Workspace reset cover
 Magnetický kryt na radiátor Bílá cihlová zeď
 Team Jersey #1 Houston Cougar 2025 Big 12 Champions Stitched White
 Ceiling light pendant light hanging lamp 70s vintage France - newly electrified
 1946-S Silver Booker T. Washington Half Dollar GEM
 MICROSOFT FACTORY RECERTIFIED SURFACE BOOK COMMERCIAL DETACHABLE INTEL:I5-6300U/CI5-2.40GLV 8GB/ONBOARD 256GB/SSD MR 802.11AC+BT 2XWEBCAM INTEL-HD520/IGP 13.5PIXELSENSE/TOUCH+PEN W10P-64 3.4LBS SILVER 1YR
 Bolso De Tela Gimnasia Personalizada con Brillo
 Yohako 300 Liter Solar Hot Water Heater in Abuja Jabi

**Instructions for the task**
Output the records in full, keeping them exactly as they are.

**Expected answer**
Workspace reset cover
 Magnetický kryt na radiátor Bílá cihlová zeď
 Team Jersey #1 Houston Cougar 2025 Big 12 Champions Stitched White
 Ceiling light pendant light hanging lamp 70s vintage France - newly electrified
 1946-S Silver Booker T. Washington Half Dollar GEM
 MICROSOFT FACTORY RECERTIFIED SURFACE BOOK COMMERCIAL DETACHABLE INTEL:I5-6300U/CI5-2.40GLV 8GB/ONBOARD 256GB/SSD MR 802.11AC+BT 2XWEBCAM INTEL-HD520/IGP 13.5PIXELSENSE/TOUCH+PEN W10P-64 3.4LBS SILVER 1YR
 Bolso De Tela Gimnasia Personalizada con Brillo
 Yohako 300 Liter Solar Hot Water Heater in Abuja Jabi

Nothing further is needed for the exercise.